BRUXELLES - Arriva sereno, sorride e si ferma a lungo per rispondere alle domande dei giornalisti, ma appena ne ha lo spunto non rinuncia ad attaccare ancora la magistratura, accusata di aver creato una «Repubblica giudiziaria». Poi, in serata, minimizza anche sullo stop imposto da Giorgio Napolitano al decreto sul federalismo. Silvio Berlusconi si presenta a Bruxelles al vertice straordinario dei capi di Stato e di Governo dell'Unione europea fermo nelle sue posizioni e tenta uno stile meno aggressivo che le «colombe» del centrodestra gli hanno suggerito in questi giorni. Non cede naturalmente di un passo dalle sue posizioni, il nemico è sempre la magistratura, ma lo fa con un tono, per lui, quasi moderato. Cerca anche di tranquillizzare i partner Ue, dicendo che la maggioranza può «lavorare bene» e che la sua popolarità è «la più alta in Europa».

Il principale bersaglio sono i giudici. Il premier ripete che che lui è l'uomo che ha subito più procedimenti nel mondo e che l'Italia è diventata «purtroppo una Repubblica giudiziaria commissariata dalle Procure», un commento duro, ma senza offese esplicite a singoli uffici giudiziari. La polemica si estende anche alla Corte costituzionale dove si vive una situazione «kafkiana», perchè «giudici di sinistra abrogano leggi approvate dal Parlamento», ma anche qui, siamo su un piano noto.

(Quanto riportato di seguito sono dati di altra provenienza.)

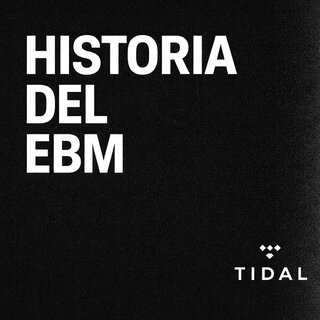 Cover art for album Historia del EBM by User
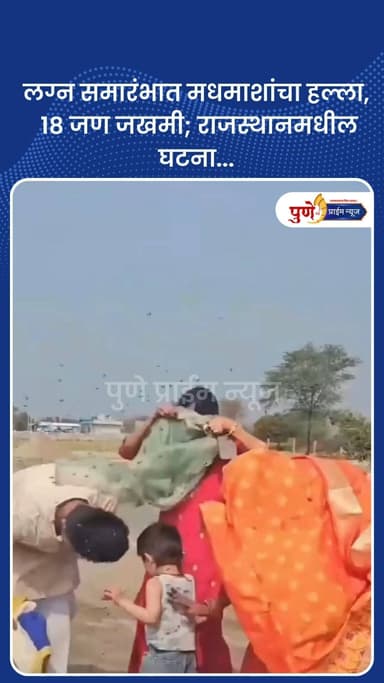 लग्न समारंभात मधमाशांचा चा हल्ला, १८ जण जखमी; राजस्थानमधील घटना...
राजस्थानमधील मालपुरा (अजमेर रोड) परिसरातील एका रिसॉ...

La sede internazionale spinge a dare rassicurazioni sulla stabilità, e il premier ne diffonde in abbondanza. «Abbiamo la maggioranza per poter lavorare», assicura, in particolare perchè non c'è più la componente ex An che «stoppava» le leggi sulla giustizia. Di più, secondo Berlusconi «la maggioranza è coesa ed è d'accordo su molti temi». Ci sono anche i numeri «ieri eravamo a 316, ma ci situeremo oltre i 320, credo che potremo lavorare bene». D'altra parte «i sondaggi danno il mio gradimento al 51%, sono il leader più apprezzato in Europa», aggiunge.

Nessun problema di tenuta, dunque. Sui rapporti con il Quirinale parla invece poco. Prima che si sapesse che Giorgio Napolitano avrebbe fermato il decreto sul federalismo viene chiesto a Berlusconi se si aspettava problemi: «Non penso, non credo», ha risposto. Nessuno spunto polemico o aggressivo. In serata, dopo lo stop di Napolitano invece minimizza e dice che «è un fatto procedurale».

Poi c'è il solito attacco all'opposizione di centrosinistra, «che non è ancora diventata socialdemocratica e non lavora per il bene del Paese». Quasi nulla più di un'opinione.

Sull'Egitto si sbilancia un po' di più, e supera la linea della prudenza dell'Ue. Si augura una «transizione senza rotture con Mubarak», che «l'Occidente ha sempre stimato», che nell'area «è il più saggio ed è un punto di riferimento per tutto il Medio Oriente». E' la tradizionale linea di non ingerenza della politica estera italiana, un poco berlusconizzata e forse non proprio in linea con quanto l'Ue affermerà qualche ora più tardi. Ma poi il premier approva la dichiarazione dei Ventisette, senza strappi.